You are viewing a plain text version of this content. The canonical link for it is here.

Posted to builds@apache.org by Gavin McDonald <ga...@16degrees.com.au> on 2012/06/01 05:46:31 UTC

RE: [Jenkins] poor handling of offline slaves


> -----Original Message-----
> From: Kristian Waagan [mailto:kristian.waagan@oracle.com]
> Sent: Thursday, 31 May 2012 1:45 AM
> To: builds@apache.org
> Subject: [Jenkins] poor handling of offline slaves
> 
> Hi,
> 
> Currently there are several jobs that have been hanging on a Linux executor
> for several days because windows1 is offline.

I've fixed the disk space issue by:

1. Clearing out some junk from Maven and/or poorly configured jobs that don’t
Clean up their workspaces.

2. I added a 80GB disk to replace the 40GB one.

>  In addition, there are a bunch
> of jobs that have been in the queue for days.

They will catch up.

> It appears that Jenkins lets the "multi OS" jobs wait for a very long time
> before giving up on waiting for a slave. A few questions:
>   a) Is it possible to have Jenkins fail a job already occupying an executor slot if
> it has to wait for too long?

If it is occupying an executor that means the build is running and/or stuck.
If stuck they can be configured to die after a while. With Windows builds this 
Does not always work.

>   b) There's only one windows slave. Are there any plans to add another
> Windows slave (preferably on a different box than windows1)?

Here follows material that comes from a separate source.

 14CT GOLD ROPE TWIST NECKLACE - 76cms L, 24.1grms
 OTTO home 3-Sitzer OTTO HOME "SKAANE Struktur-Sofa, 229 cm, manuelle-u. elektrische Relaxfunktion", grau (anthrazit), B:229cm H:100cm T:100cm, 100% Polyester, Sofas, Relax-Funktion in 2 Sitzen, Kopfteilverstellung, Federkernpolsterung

Not currently. When running well, there is never much of a queue demand for it.
Let it catch up and we'll review the situation again in a week.

> 
> If many projects are configured to run on multiple operating systems, of
> which two have only one slave (Windows and Solaris), these projects may
> cause jobs to pile up on Linux. Maybe there are other mechanisms in place to
> deal with this, I don't know.

Not sure what you mean, jobs run independent of each other on multiple slaves.

> 
> There are currently two other jobs [1]  that have been hanging for two days
> or more, but there seems to be enough Linux executors to serve other jobs
> reasonably fast. For that reason I have left them alone for the time being.

I'll delete those.

Gav...

> 
> 
> Thanks,
> --
> Kristian
> 
> [1] https://builds.apache.org/job/Ant-Build-Matrix/ and
> https://builds.apache.org/job/Empire-db%20multios/

Re: [Jenkins] poor handling of offline slaves

Posted by Nicolas Lalevée <ni...@hibnet.org>.

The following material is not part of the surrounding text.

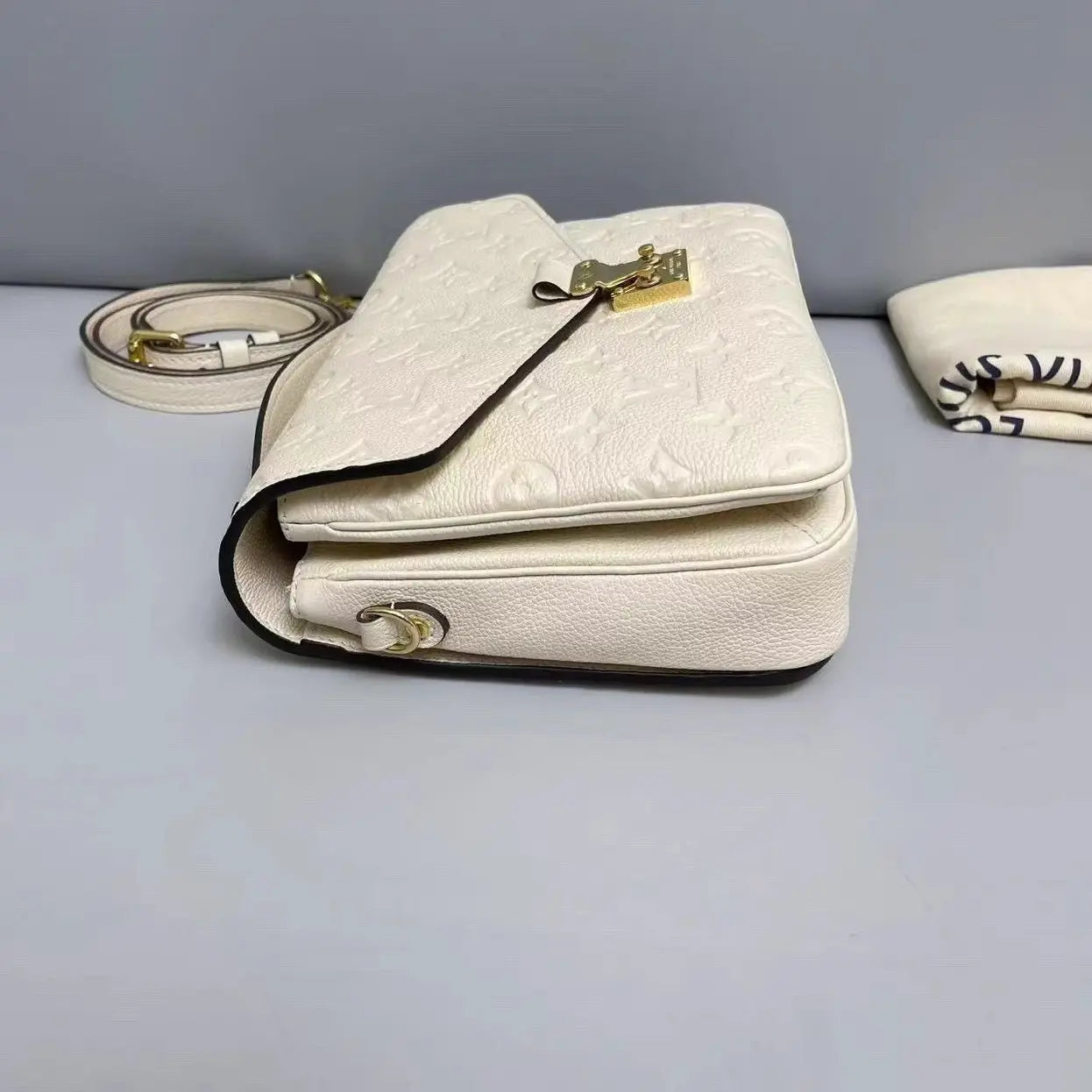LV Louis Vuitton Pochette Beige Cowhide Embossed Messenger Bag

Le 1 juin 2012 à 10:45, Kristian Waagan a écrit :

> On 01.06.12 10:35, Nicolas Lalevée wrote:
>> 
>> Le 1 juin 2012 à 10:03, Kristian Waagan a écrit :
>> 
>>> On 01.06.12 05:46, Gavin McDonald wrote:
>>>>>>  If many projects are configured to run on multiple operating systems, of
>>>>>>  which two have only one slave (Windows and Solaris), these projects may
>>>>>>  cause jobs to pile up on Linux. Maybe there are other mechanisms in place to
>>>>>>  deal with this, I don't know.
>>>> Not sure what you mean, jobs run independent of each other on multiple slaves.
>>>> 
>>> 
>>> From what I could see, jobs configured to run on multiple slaves using the "Configuration Matrix" plugin/feature will hang on to the current slave while waiting for the next one. For instance, commons-vfs-trunk had been running for five days and was occupying one executor on ubuntuX while waiting for windows1 to become available. The timeout was set to 188 minutes, so waiting for the next slave doesn't seem to count as being stuck.
>>> 
>>> The two other jobs I mentioned are also using the Configuration Matrix feature.
>>> 
>>> Of course, this will only be a problem if the system is overloaded, or a slave, or group of slaves, is off line for a longer period of time and these jobs eat up the executor slots on the healthy slaves.
>> 
>> A "Matrix" job is not consuming any executor actually. It only trigger jobs and monitor then. Notice how Jenkins is displaying them while they are running, they are not in the first two boxes of a slave (the executor slots), they are in a extra one.
> 
> Ah, I see.
> Thanks for that explanation, Nicolas.
> 
> That only leaves why the job doesn't time out, but maybe that's as designed too?

I don't know.
I think they should time out too, so the job maintainers get notified.

Nicolas

Re: [Jenkins] poor handling of offline slaves

Posted by Kristian Waagan <kr...@apache.org>.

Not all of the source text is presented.